Ele está desarticulando a máquina do Ministério das Relações, fazendo o Brasil virar motivo de chacota no cenário internacional e na comunidade diplomática do mundo. Além de nos tirar das tradicionais posições de independência e conciliação, nos afasta das posições sintonizadas com os rumos da história, na ecologia, nos direitos humanos e na luta contra a tragédia da pobreza. Suas posições desastrosas pela oposição e preconceito em relação à China, Cuba, Argentina, estão levando ao isolamento e fazendo do Brasil um pária. Em relação à China, é além disto uma estupidez pro tudo que este país representa no cenário mundial e nas relações comerciais com o Brasil. Só um inimigo do Brasil seria capaz de provocar tantos problemas para o país.
Em fevereiro, ouvi de um diplomata estrangeiro que ele sentia mais modernidade e diálogo em diplomatas do talibã do que no Itamaraty de Bolsonaro. Depois de respirar, ele disse: “E vocês já foram os melhores do mundo”. E lembrou os nomes dos chanceleres nos últimos anos: Fernando Henrique Cardoso, Luiz Felipe Lampreia, Celso Amorim, Antônio Patriota, José Serra, Aloysio Nunes.
O trabalho mais difícil no mundo hoje, depois de profissional da saúde, é ser diplomata brasileiro servindo no exterior. E já foi um dos trabalhos mais respeitados e admirados.
O grave é que o estrago feito pela incompetência da diplomacia levará décadas para ser recuperado. Este é um vírus duradouro.

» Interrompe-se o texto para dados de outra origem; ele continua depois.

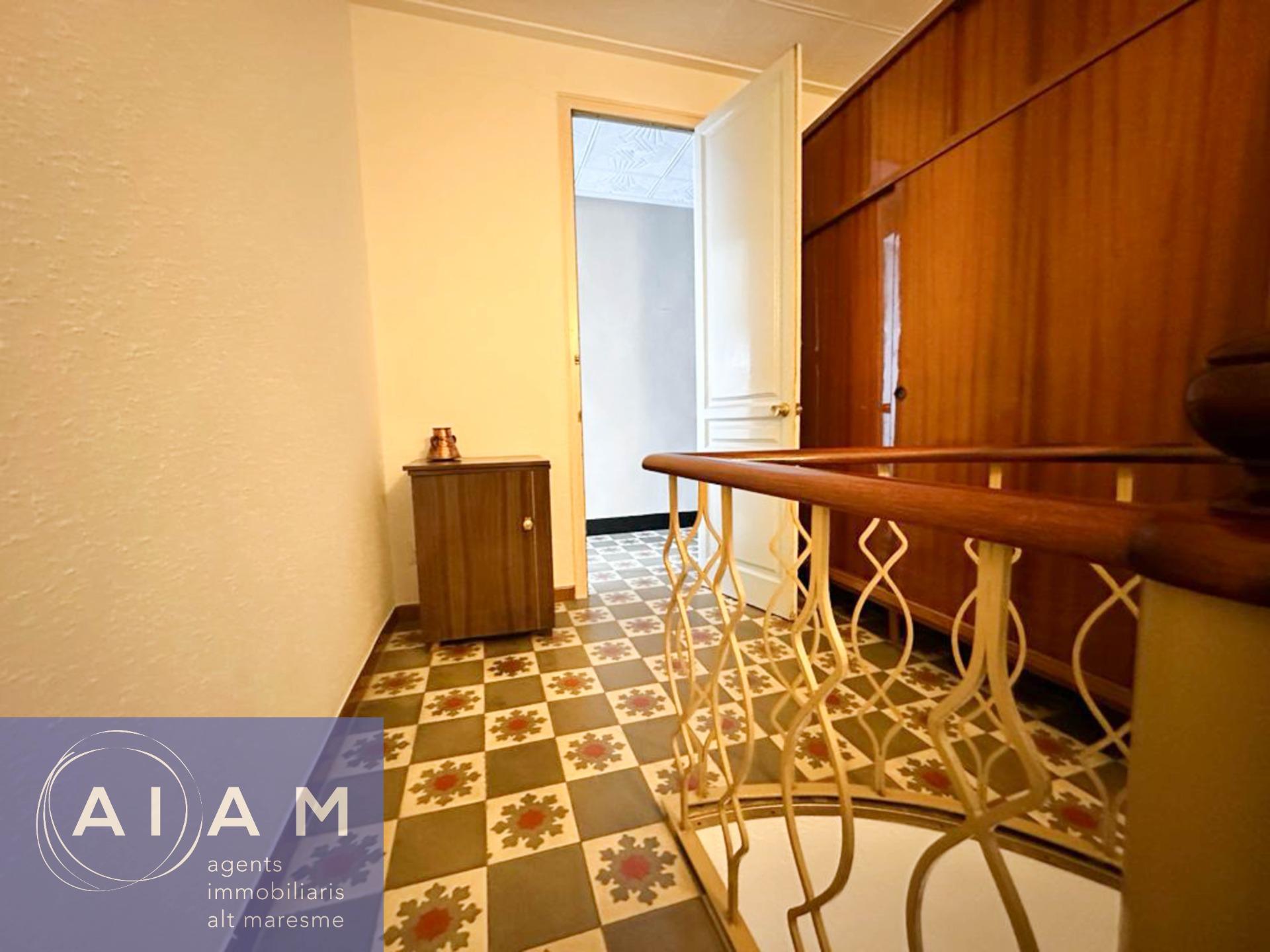 House For sale Calella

Um dia, os defensores de Bolsonaro poderão alegar que no dia 1º de janeiro de 2019, educação, saúde, economia, finanças não estavam bem, mas terão de reconhecer que o desastre nas relações exteriores foi um crime de Bolsonaro contra o Brasil, sob a incompetência do chanceler que ele escolheu e sob a impotência de líderes civis.